Barb Jungr brings the Beatles to APAP, with Sting up next

January 12, 2017

 Barb Jungr & John McDaniel "Come Together"

 

Internationally acclaimed British jazz/cabaret chanteuse Barb Jungr was back at the Association of Performing Arts Presenters (APAP) cconference again this year, showcasing both her new Come Together—Barb Jungr & John McDaniel Perform the Beatles CD and her new project Float Like a Butterly, for which she and jazz pianist Matt Baker likewise explore Sting's song catalog.

 

Oddly enough, though,  it took this long for Jungr, who's been recording since the mid-1980s, to tackle the Beatles, having heavily "deconstructed" songs by major songwriters previously, most notably by Bob Dylan, whom she has devoted two full albums to and half of a third (2014's Hard Rain--The Songs of Bob Dylan and Leonard Cohen).

 

"I love singing Beatles songs now, but I grew up with them, so I think in a way I overlooked the magnificence of them," says Jungr. "Not that I didn't know they were brilliant, but from the point-of-view of deconstruction, I'd never tried them."

 

Then one day she was working in Connecticut with award-winning (a Tony for the revival of Annie Get Your Gun, a Grammy for its show album and an Emmy for The Rosie O'Donnell Show) composer-pianist-music director John McDaniel.

 

"He gave me an arrangement of 'In My Life,' and it was beautiful.

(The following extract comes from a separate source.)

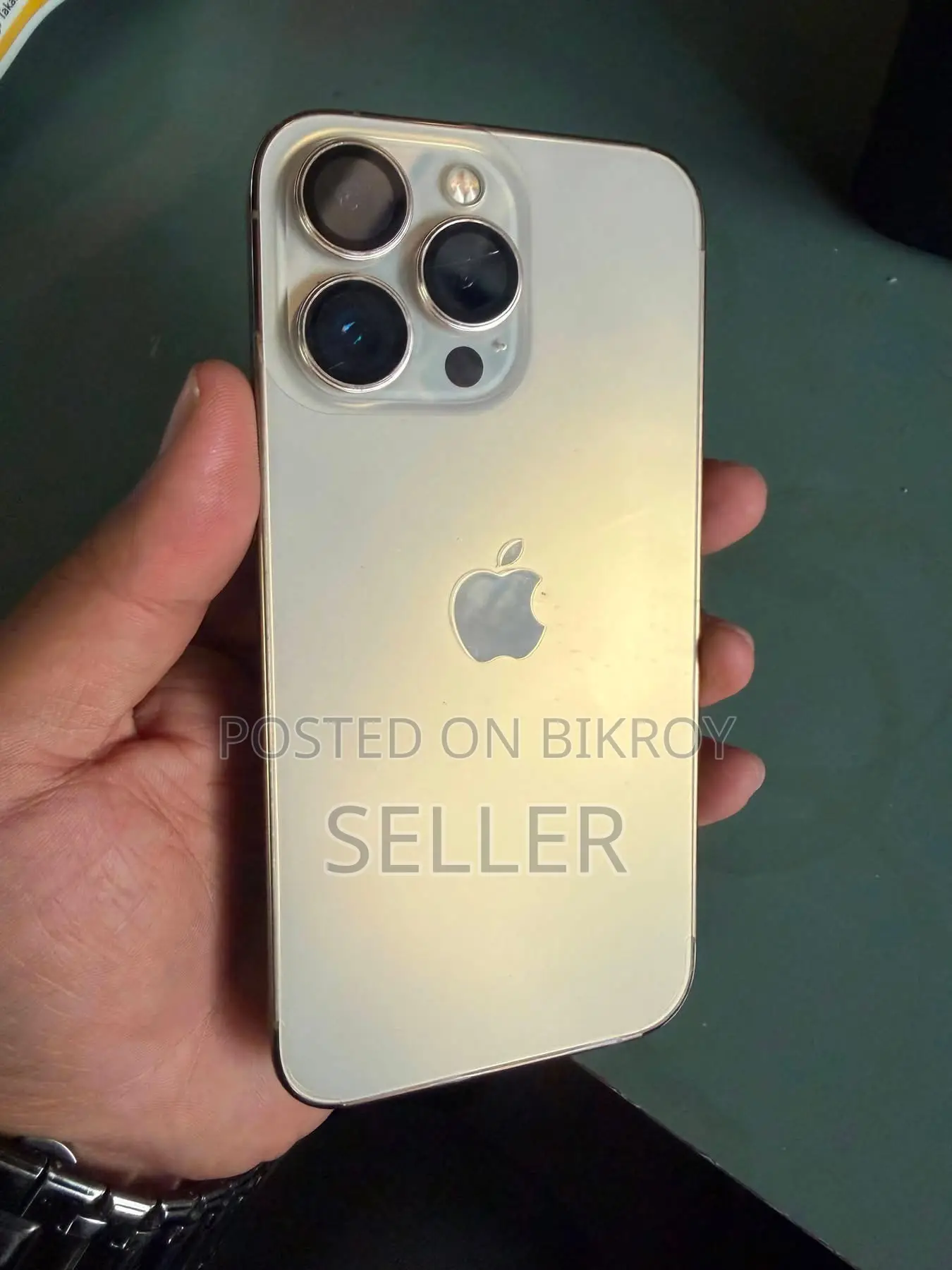 অ্যাপল আইফোন ১৩ প্রো ১২৮ জিবি রোজ গোল্ড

So we said maybe we should do a Beatles album together, which I found attractive, as John is not British and doesn't come at the material with the same level of reverence that British people come to it, and in order to deconstruct you have to be respectful but irreverent."

 

Asked about her use of the word "deconstruct," she takes a cue from Dylan and  David Bowie in finding it difficult to look back at her work.

 

"I deconstruct things—but what does that mean? You just look at the song, sing it and see if it works or it doesn't—and if it works you know it. You can't force it. But I don't understand the process!"

 

But for sure, Jungr, a songwriter in her own right, studies her covers in enormous depth, taking them apart and putting them back together in a manner that brings out the best of both writer and vocalist.

 

Speaking of Dylan, Jungr reports that her 2002 album Every Grain of Sand: Barb Jungr Sings Bob Dylan is being reissued.

 

"It's 15-years-old and the record company calls it a cult classic—whatever that means—so it's re-releasing it and I'll tour it with my pianist. But I haven't listened to it since I made it and can't remember some of it, so it's really interesting!"

 

As for the new Come Together, Jungr says that she loves singing the songs live, and tried to record them that way.

 

"The closest I ever came to doing that was in 1998 with Bare, which I made with [pianist] Russell Churney," she says. "We recorded piano and voice, straight to tape, and tried to do that with this, and I'm very pleased with what we achieved."

 

She notes that both she and McDaniel came up with short lists of songs "and nearly all of the songs we chose were on both lists—even coming from opposite sides of the Atlantic and with very different sensibilities! John's an extraordinary piano player, and the most terrific collaborator becuase of his sensitivity and care and aliveness."

 

As for Float Like a Butterfly—which takes its name, of course, from Muhammad Ali's famous "Float like a butterfly, sting like a bee" slogan—Jungr says it came out of a suggestion that she explore Sting as a contemporary songwriter, made at the Cabaret & Performance Conference at the Eugene O'Neill Theater Center in Waterford, Conn., where McDaniel is artistic director and Jungr serves as one of the master instructors.

 

"Sting is quite wide-ranging, relentless in his own trajectory of learning and exploring ideas," says Jungr, citing "Englishman in New York" as "a really interesting idea that seems like two ideas, but opens up like TARDIS in Doctor Who: You think it's small and inside is a much bigger box with a lot more going on."

 

She met with Baker in November to hone a set of 50-minutes of material down to half an hour for APAP showcasing, "and I now know it was a great idea," she says. "For some reason, Sting seems to make people feel a bit dismissive of him, so it's kind of an interesting challenge there: Maybe we have to re-examine things we dismiss in order to find the quality inside them--which I think is very true of Dylan, actually."

 

Sometimes, she explains, "the groove behind [Dylan's] songs carries the lyric along in a way that stops you from maybe completely hearing how extraordinary the songs are and how extraordinary his lyrical and human understanding is."

 

Jungr picks up on Meryl Streep's much quoted closing line from her controversial speech at Sunday night's Golden Globe Awards.

 

"Take your broken heart, make it into art," she says, Streep's line actuall a quote from her late friend Carrie Fisher.

 

"It's what we're all trying to do," Jungr concludes. "But things have to present themselves, and you have to wait for that. These projects are such labors of love and require a lot of broken heart-fixing, and each time you do you have to dig for something in corners that sometimes I'm quite happy to leave untouched."